Avec un sourire, le vagabond répliqua :


- Retrouver ma famille.
- Ouais. Ça se tient. Merci pour ce que tu as fait, recrue. Et prends soin de toi.
- Vous aussi, lieutenant.


Après une virile poignée de main, ainsi qu'une signature sur un formulaire de démission, Hayato fut raccompagné aux portes de la base. De nouveau paré de son kimono, sous les vêtements chauds prêtés par Simon et Bertha, il respira l'air frais de la liberté. Après quelques instants au calme, l'épéiste retourna dans la forêt, là où il avait laissée Fiona. Cette dernière faisait cuire une brochette de champignons sur un feu de camp improvisé. Elle lui lança un regard étonné, avant d'éclater de rire lorsque le guerrier lui relata les événéments.

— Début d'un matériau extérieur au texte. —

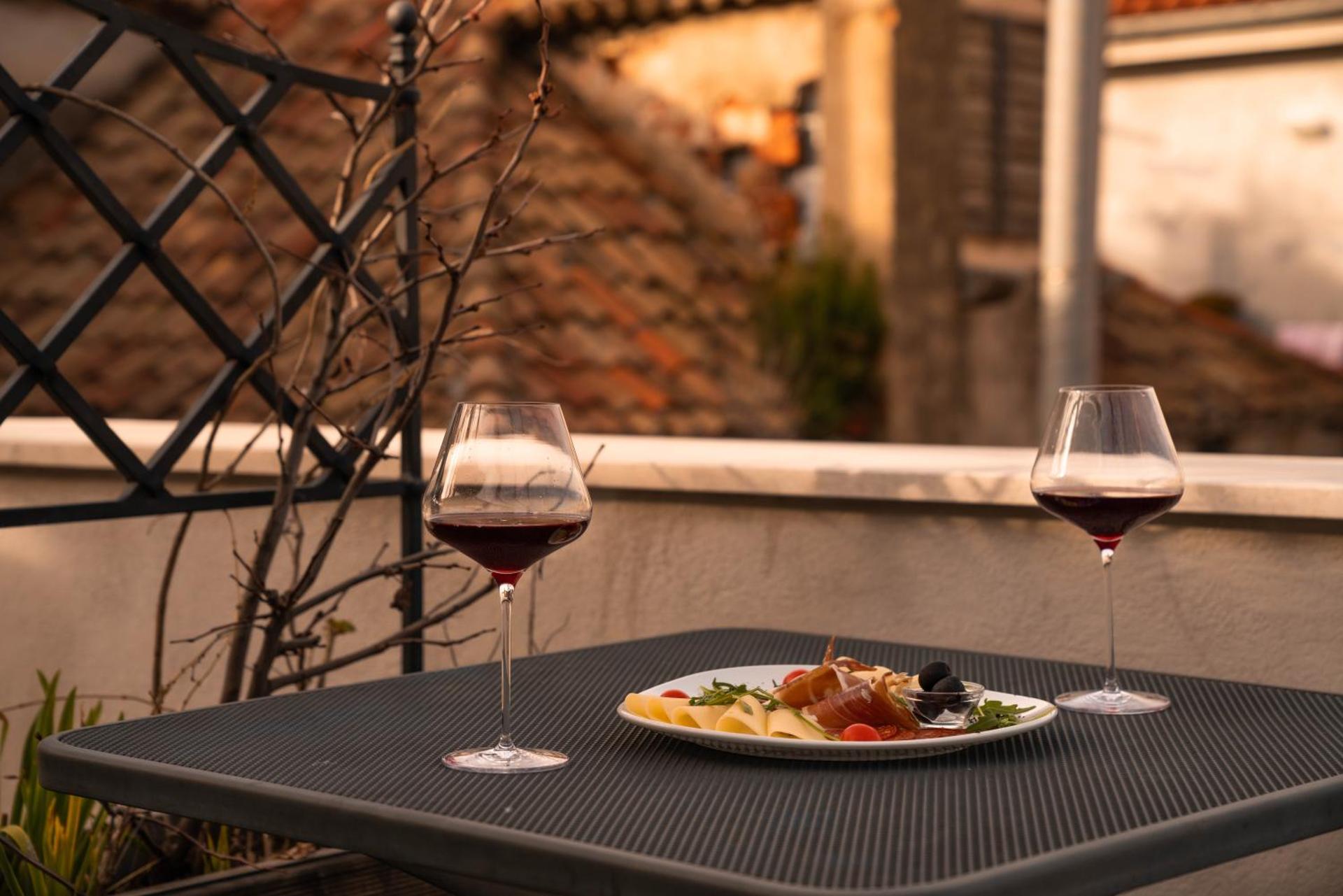 Slavija Culture Heritage Hotel - Photo 4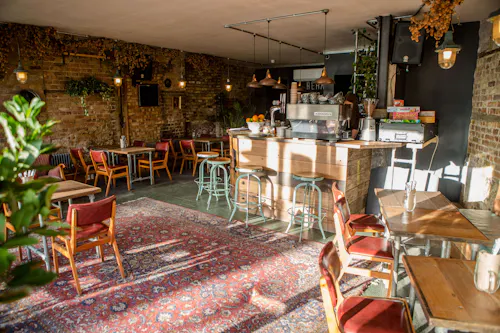 Quirky Hackney bar, R851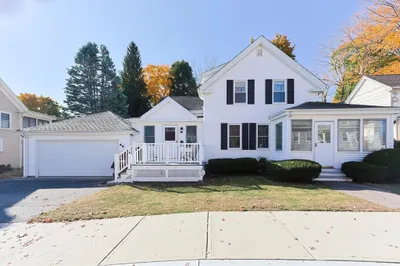 44 Cottage St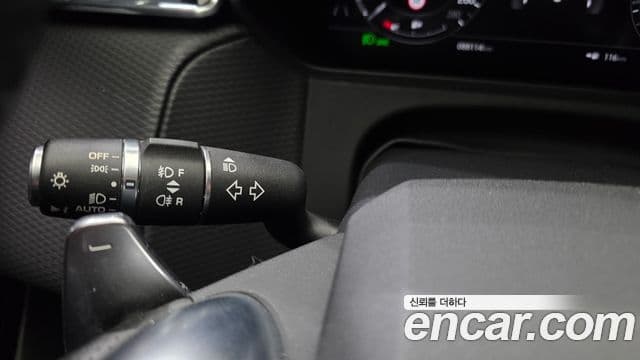 Land Rover Range Rover Velar 2019 — Photo 18/33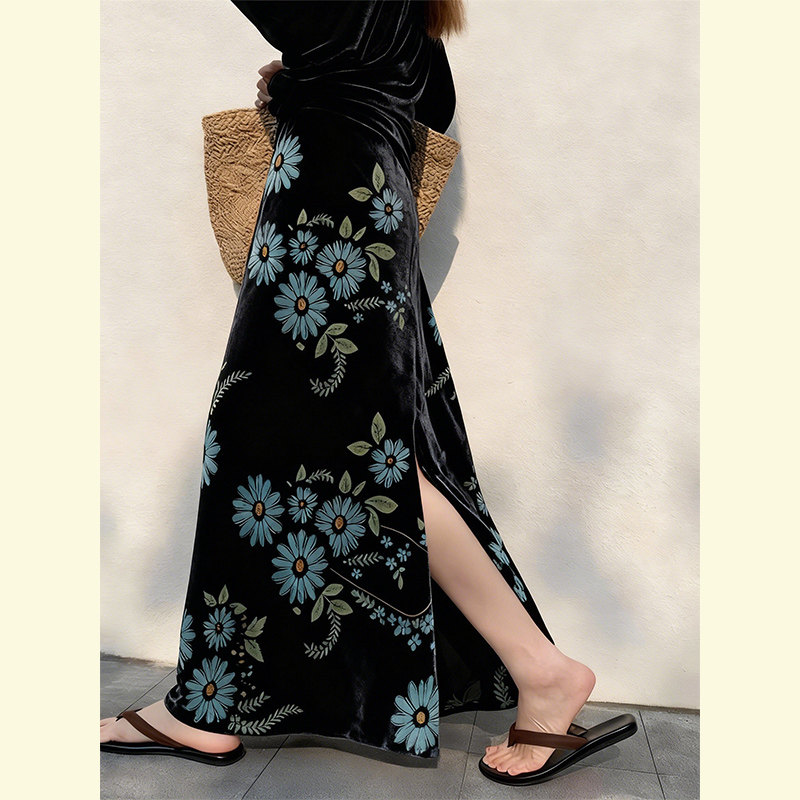 重要场合漂亮裙子新中式复古高腰黑色印花开叉丝绒半身裙女秋冬季,女装/女士精品,大码半身裙,淘宝优惠券,粉丝福利购,淘宝优惠卷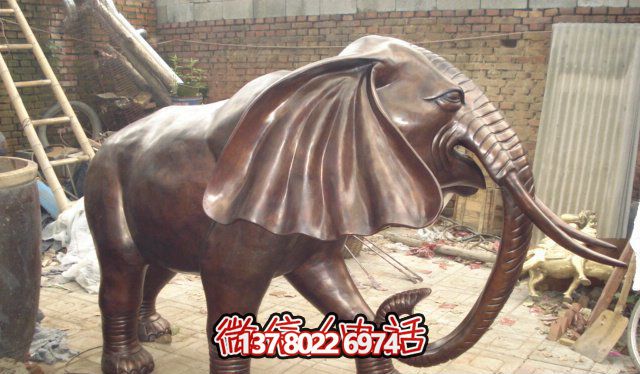 創(chuàng)意仿銅大象雕塑，美化環(huán)境景觀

- Bien fait ! Décidément, j'ai eu de la chance de te croiser, Hayato !
- Et moi de même, Fiona.
- Si t'as faim, j'en ai préparé pas mal ! Vu la tronche que t'as, un petit remontant te fera pas de mal.
- Avec plaisir !


Pendant leur frugal repas champètre, les deux nouveaux amis firent plus ample connaissance. Après plusieurs heures d'échanges, d'anecdotes et de rires, Hayato et Fiona retournèrent en ville. Hayato alla frapper à la porte du couple de petits vieux qui les hébergèrent avec plaisir. Les jours suivants, Hayato récupéra de ses blessures et de son surmenage, tout en découvrant Boréa. Lorsqu'enfin il fut remis, ils se séparèrent. La cuisinière laissa son numéro personnel au vagabond, afin qu'il puisse la contacter. Ils quittèrent Borea dans des navettes différentes, mais mûs par le même espoir : se retrouver au plus vite et débuter leurs aventures avec le reste de leur future famille.